Near-term headwinds from retail fueling
GVR, the company that makes up the bulk of VNT, has grown substantially in recent years thanks to the adoption of EMV standards in the United States. Since the April 2021 EMV deadline has passed, the replacement cycle has likely been sped up, with about 75% of retail fueling stations having already upgraded to be EMV compliant. Therefore, I anticipate that EMV will be a headwind for VNT over the near term, slowing growth. Specifically, management indicated a sizable drop in EMV-related benefits in FY23 ($300 million). That's like having a headwind of 10%.
However, this is partially being counteracted by the MT market's rapid adoption of software for use in convenience stores. The convenience store industry is well established, with annual store count growth of only 1% over the past decade (based on comps data). However mature it is, I believe the largest operators, in an effort to adapt to the digitalization trend , will likely keep spending heavily on software. I expect GVR to ride on this trend and should outgrow the industry (CAPEX growth) because of its size and offerings.
3Q22 earnings' bad performance is not helping the stock
VNT's negative 3.0% growth in adj. operating income was below expectations and was caused by slower-than-anticipated growth in MT. This was caused in part by a cybersecurity incident that halted production at a crucial supplier near the end of the quarter. In addition, management has seen a decrease in demand because small independent fueling operators are cutting back on CAPEX as interest rates rise. A revenue headwind of $50 million is expected for the fourth quarter.

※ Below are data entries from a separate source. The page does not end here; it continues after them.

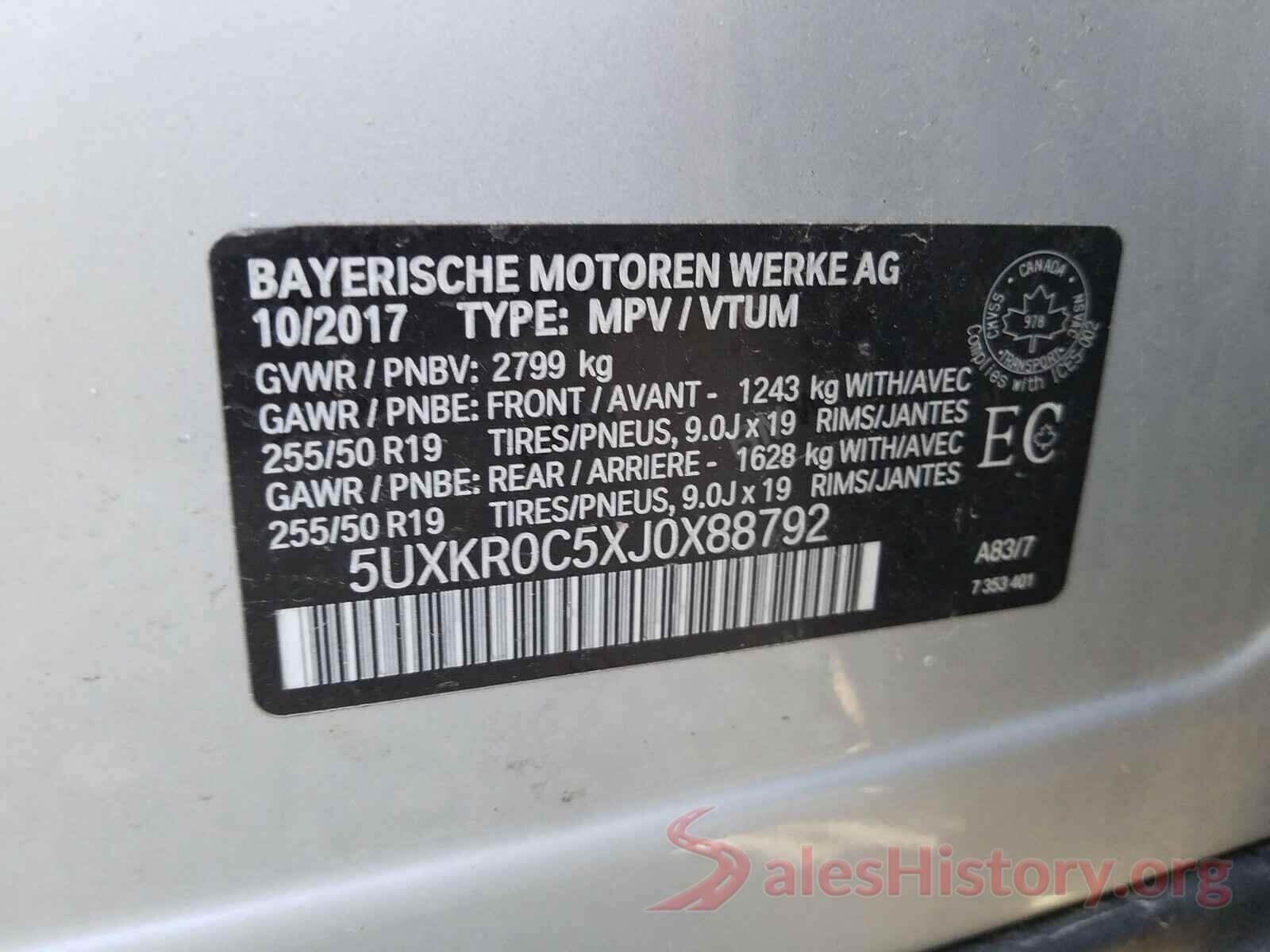 5UXKR0C5XJ0X88792 2018 BMW X5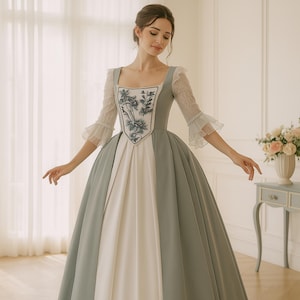 Elegant 18th Century Dress for Women, Rococo Style Embroidered Gown, Historical Theater Costume or Cosplay Ball Outfit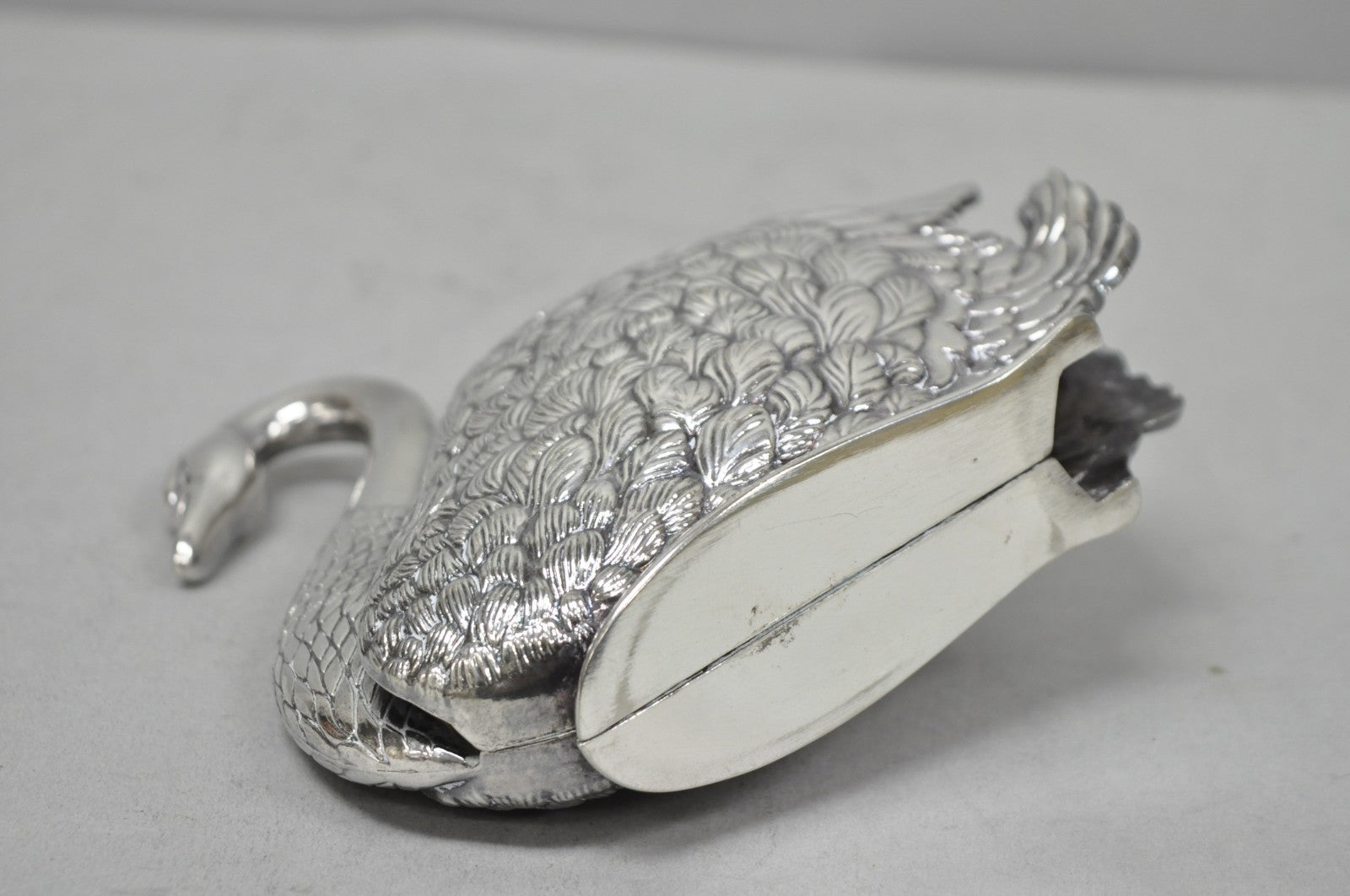 Vintage Art Nouveau Godinger Italy Silver Plated Swan Bird Napkin Letter Holder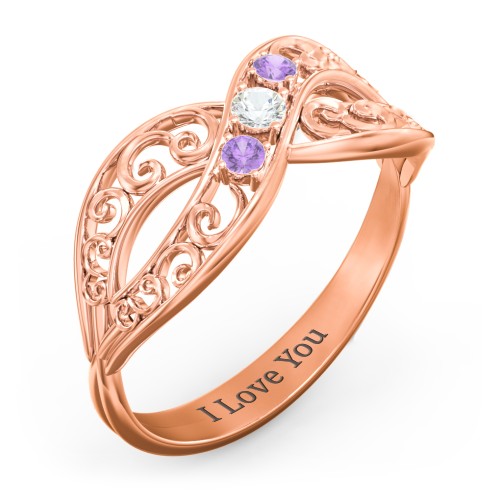 3 Stone Filigree Infinity Ring – 10K Rose Gold with Cubic Zirconia and Amethyst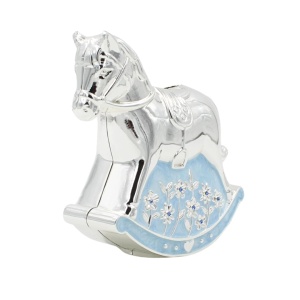 Pușculiță Decorativă Căluț Balansoar AZAY, 11x11 cm, Design Elegant Argintiu cu Detalii Albastre – Cadou Premium Copii & Botez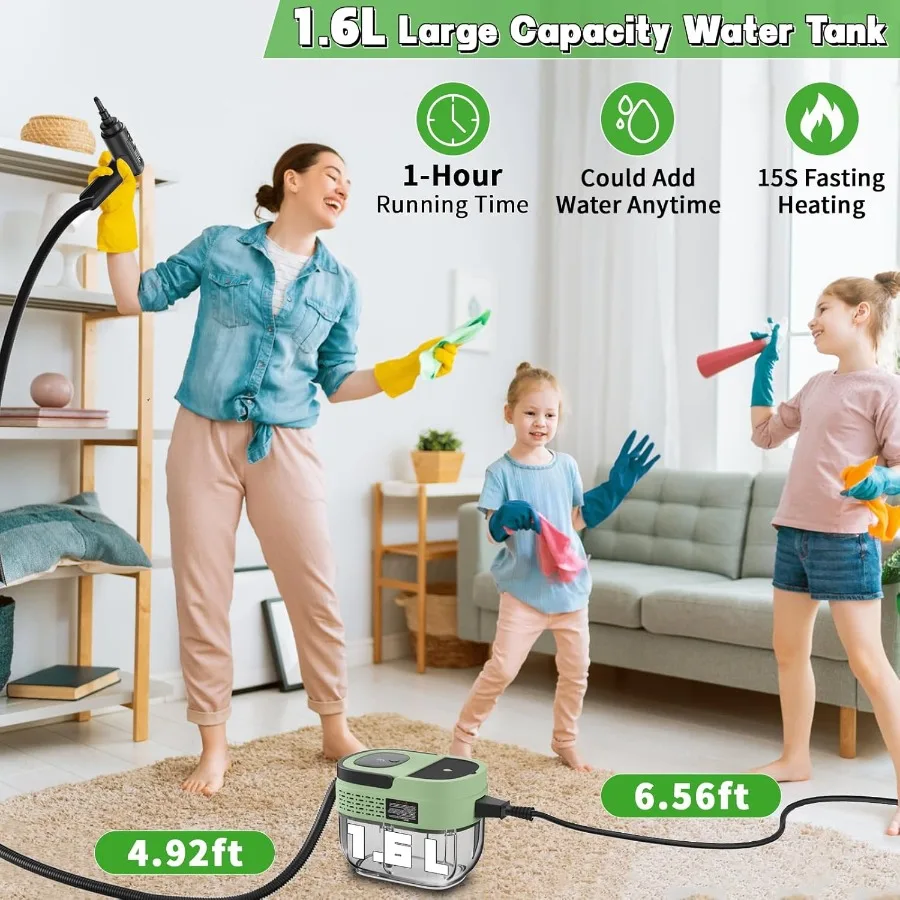 Handheld Steam Cleaner for Home 2500W High Temperature Pressurized Machine 1.6L Water Tank HandleControlled Steam Output Portab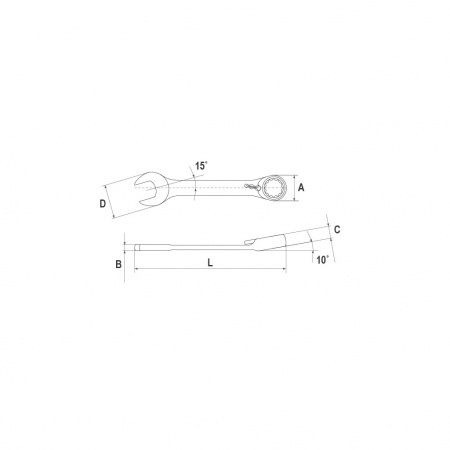 Thorvik Ключ гаечный комбинированный трещоточный с реверсом, 17 мм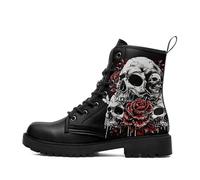 coolcustomize Unisex Gothic Skull Combat Boots - Punk Rock Fashion Lace-Up Ankle Booties for Halloween & Everyday Style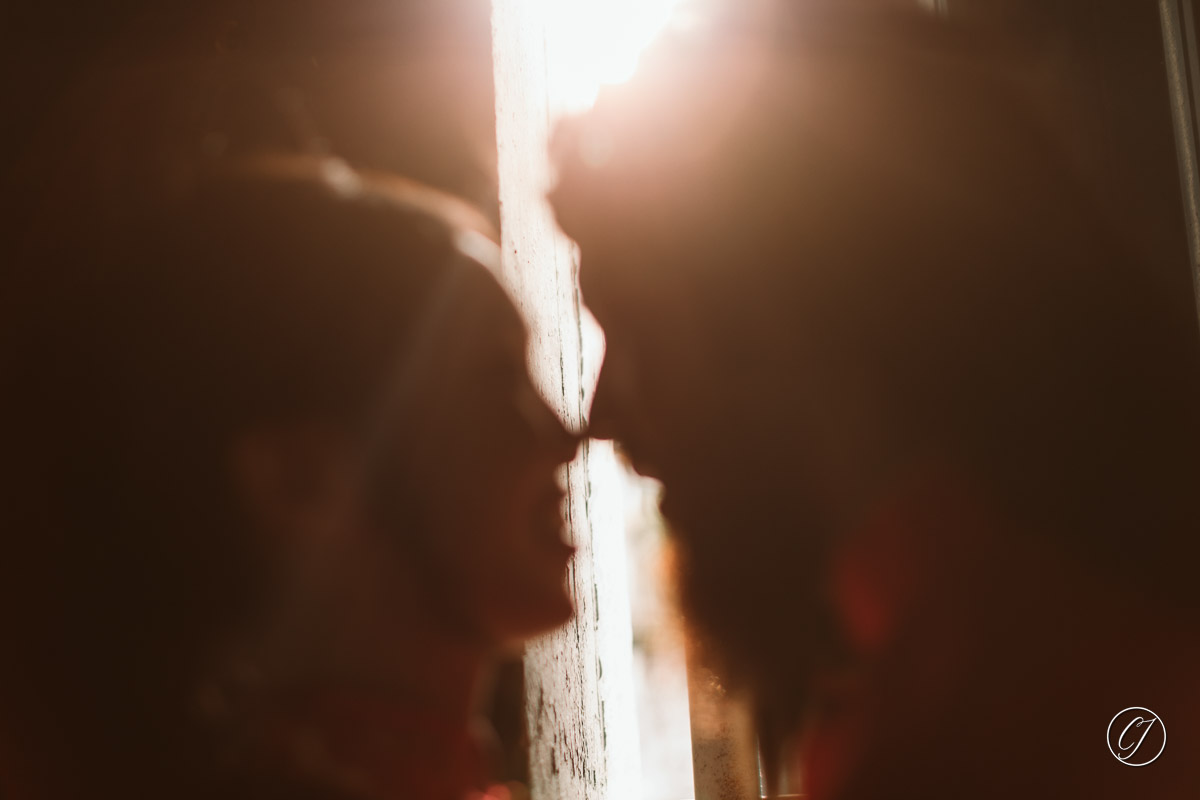 Backlit couple portrait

The market clearly does not like VNT 3Q22 earnings, as evidenced by the stock's price action. I think this has caused any long-term investors to sit on the sidelines and wait for things to settle down. If VNT doesn't start seeing some improvement in its operational results, I expect the stock valuation to remain at the current level for the foreseeable future.
Valuation
I believe VNT is worth USD19.73 in FY23, which is roughly where the stock is trading at today.
VNT will face near-term revenue headwinds from the EMV effect, which will end in FY23, before returning to positive growth in FY24. Earnings are expected to recover and follow a similar trajectory in FY24. As previously stated, the narrative surrounding VNT stock is terrible right now, following 3Q22 earnings, and I don't see any reason for net new buyers in the stocks for the time being. As a result, I believe valuation will remain at this level at least until VNT shows signs of positive operating results.
Key risks
M&A
A large part of the VNT bull thesis is based on management wisely deploying FCF to conduct value accretive acquisition. While I have complete confidence in their abilities, this increases the risk that an investor is taking - essentially a leap of faith in management judgment. A string of bad acquisitions could harm the stock's narrative and undermine investors' trust in management.
Supply chain issue
Ongoing problems with sourcing both labor and materials will lead to higher prices. Since VNT uses a wide variety of raw materials in its production processes, the price of oil and gas also has a direct impact on the company's freight and utility expenses.
Summary
While the company has demonstrated success in executing its roll-up strategy through capital deployment, there are currently some challenges facing the company, including a slowdown in the retail fueling market and the impact of EMV. It may be more beneficial to wait for a clearer outlook before investing.